Ormoni

Insulina

L'ormone che regola lo zucchero nel sangue — la sua efficacia tende a diminuire dopo la menopausa, con conseguenze metaboliche che vale la pena conoscere.

L’insulina è un ormone prodotto dal pancreas — più precisamente da un gruppo di cellule specializzate al suo interno. Il suo compito principale è semplice da descrivere: quando mangiamo e i livelli di zucchero nel sangue salgono, l’insulina viene rilasciata e funziona come una chiave che apre le porte delle cellule, permettendo al glucosio di entrare e di essere usato come energia.

Senza insulina — o quando le cellule smettono di risponderle bene — il glucosio rimane in circolo nel sangue invece di essere utilizzato.

Come funziona

Dopo un pasto, la glicemia sale. Il pancreas rilascia insulina in risposta — non solo allo zucchero, ma anche ad alcuni aminoacidi e a segnali inviati dall’intestino stesso durante la digestione.

L’insulina raggiunge le cellule muscolari e quelle del tessuto adiposo e si lega a dei recettori sulla loro superficie, come una chiave nella serratura giusta. Questo innesca una serie di reazioni interne che portano i canali del glucosio in superficie, pronti ad accoglierlo.

Contemporaneamente, l’insulina manda segnali al fegato perché smetta di produrre nuovo glucosio — non serve, ce n’è già abbastanza — e frena la liberazione dei grassi di riserva. Stimola anche la costruzione di proteine muscolari, motivo per cui è considerata un ormone anabolico, cioè che favorisce la costruzione di tessuti.

Il suo “opposto metabolico” è l’AMPK, un sensore cellulare che si attiva quando l’energia scarseggia — durante il digiuno o l’esercizio — e che promuove processi di riparazione cellulare. Insulina alta e AMPK alta non coesistono facilmente: per questo i picchi glicemici frequenti tendono a sopprimere i meccanismi di manutenzione cellulare. La via di segnalazione correlata mTOR media invece la sintesi proteica in risposta ai nutrienti.

Cosa cambia dopo la menopausa

Con il calo degli estrogeni, le cellule — in particolare quelle muscolari — diventano progressivamente meno sensibili all’insulina. L’ormone è ancora presente, ma la sua “chiave” funziona peggio: ci vuole più insulina di prima per ottenere lo stesso risultato.
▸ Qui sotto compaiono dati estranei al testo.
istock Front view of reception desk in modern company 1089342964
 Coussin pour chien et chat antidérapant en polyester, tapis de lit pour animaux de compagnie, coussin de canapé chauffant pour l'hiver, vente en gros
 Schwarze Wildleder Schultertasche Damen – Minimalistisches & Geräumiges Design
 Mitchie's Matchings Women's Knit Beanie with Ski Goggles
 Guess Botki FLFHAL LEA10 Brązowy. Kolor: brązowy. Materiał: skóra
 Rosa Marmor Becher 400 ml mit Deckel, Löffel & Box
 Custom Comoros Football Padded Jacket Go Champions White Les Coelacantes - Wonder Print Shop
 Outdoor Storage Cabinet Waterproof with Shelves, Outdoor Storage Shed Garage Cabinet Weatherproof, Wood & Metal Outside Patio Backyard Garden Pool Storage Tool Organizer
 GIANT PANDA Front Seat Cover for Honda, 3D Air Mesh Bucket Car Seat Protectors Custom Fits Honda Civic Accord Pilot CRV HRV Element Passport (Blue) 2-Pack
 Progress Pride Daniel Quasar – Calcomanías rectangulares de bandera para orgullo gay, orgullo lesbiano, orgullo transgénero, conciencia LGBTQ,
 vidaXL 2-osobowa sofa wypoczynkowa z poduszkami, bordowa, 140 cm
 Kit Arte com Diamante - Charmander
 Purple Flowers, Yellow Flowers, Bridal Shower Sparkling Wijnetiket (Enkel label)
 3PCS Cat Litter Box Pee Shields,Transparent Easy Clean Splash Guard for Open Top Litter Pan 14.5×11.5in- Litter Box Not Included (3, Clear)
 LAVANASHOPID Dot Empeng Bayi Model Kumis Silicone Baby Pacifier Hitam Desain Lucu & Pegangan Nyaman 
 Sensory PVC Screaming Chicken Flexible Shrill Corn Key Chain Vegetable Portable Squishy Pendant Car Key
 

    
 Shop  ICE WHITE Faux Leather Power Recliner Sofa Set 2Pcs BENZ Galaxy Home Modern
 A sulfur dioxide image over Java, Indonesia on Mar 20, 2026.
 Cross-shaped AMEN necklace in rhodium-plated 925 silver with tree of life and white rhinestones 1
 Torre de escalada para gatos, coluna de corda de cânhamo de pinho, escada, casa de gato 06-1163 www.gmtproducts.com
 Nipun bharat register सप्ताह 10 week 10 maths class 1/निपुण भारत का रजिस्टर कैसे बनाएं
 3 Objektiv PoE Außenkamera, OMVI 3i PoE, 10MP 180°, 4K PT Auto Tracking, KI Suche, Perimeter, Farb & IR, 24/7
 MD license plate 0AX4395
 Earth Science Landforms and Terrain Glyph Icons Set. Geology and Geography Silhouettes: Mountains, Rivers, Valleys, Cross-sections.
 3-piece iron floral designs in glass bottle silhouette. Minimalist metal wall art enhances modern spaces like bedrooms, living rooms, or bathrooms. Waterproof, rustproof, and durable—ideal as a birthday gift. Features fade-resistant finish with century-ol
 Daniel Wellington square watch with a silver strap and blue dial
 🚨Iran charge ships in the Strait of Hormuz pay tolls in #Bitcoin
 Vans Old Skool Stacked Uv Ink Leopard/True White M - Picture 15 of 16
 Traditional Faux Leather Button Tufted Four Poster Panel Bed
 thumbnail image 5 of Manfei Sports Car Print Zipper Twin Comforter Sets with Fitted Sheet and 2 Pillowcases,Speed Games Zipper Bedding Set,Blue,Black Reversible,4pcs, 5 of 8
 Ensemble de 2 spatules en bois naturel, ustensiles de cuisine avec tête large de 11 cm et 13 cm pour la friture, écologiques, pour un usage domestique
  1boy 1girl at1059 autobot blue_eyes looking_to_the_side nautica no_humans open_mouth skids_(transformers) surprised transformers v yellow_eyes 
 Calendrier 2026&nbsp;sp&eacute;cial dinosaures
Questo fenomeno — la resistenza insulinica — viene aggravato da due cambiamenti tipici della menopausa: la riduzione della massa muscolare (i muscoli sono il principale “consumatore” di glucosio) e l’accumulo di grasso addominale. Il grasso viscerale non è un tessuto passivo: produce sostanze infiammatorie che interferiscono ulteriormente con la risposta all’insulina, creando un circolo che tende ad autoalimentarsi.

Le conseguenze pratiche sono diverse: glicemia più alta a digiuno e dopo i pasti, maggiore tendenza all’accumulo di grasso, più difficoltà a mantenere la massa muscolare, e un rischio cardiovascolare e metabolico complessivamente più elevato. Il medico può valutare la sensibilità insulinica con un semplice esame del sangue a digiuno — utile in un check-up metabolico completo.

Come supportare la risposta insulinica

Le strategie con le prove più solide sono anche quelle più accessibili. L’esercizio fisico — in particolare quello che coinvolge i muscoli con resistenza, come i pesi o gli elastici — è uno dei modi più efficaci per migliorare la risposta cellulare all’insulina. La massa muscolare è letteralmente un “serbatoio” di glucosio: più ne abbiamo, meglio gestiamo i picchi glicemici.

Sul fronte alimentare, ridurre i carboidrati raffinati e scegliere alimenti con indice glicemico più basso limita i picchi che richiedono grandi rilasci di insulina. Anche la sequenza dei cibi nel pasto conta: mangiare verdure e proteine prima dei carboidrati riduce il picco glicemico postprandiale in modo misurabile.

Alcuni nutrienti — tra cui l’inositolo e il magnesio — mostrano risultati promettenti nel supporto alla sensibilità insulinica nelle donne in menopausa.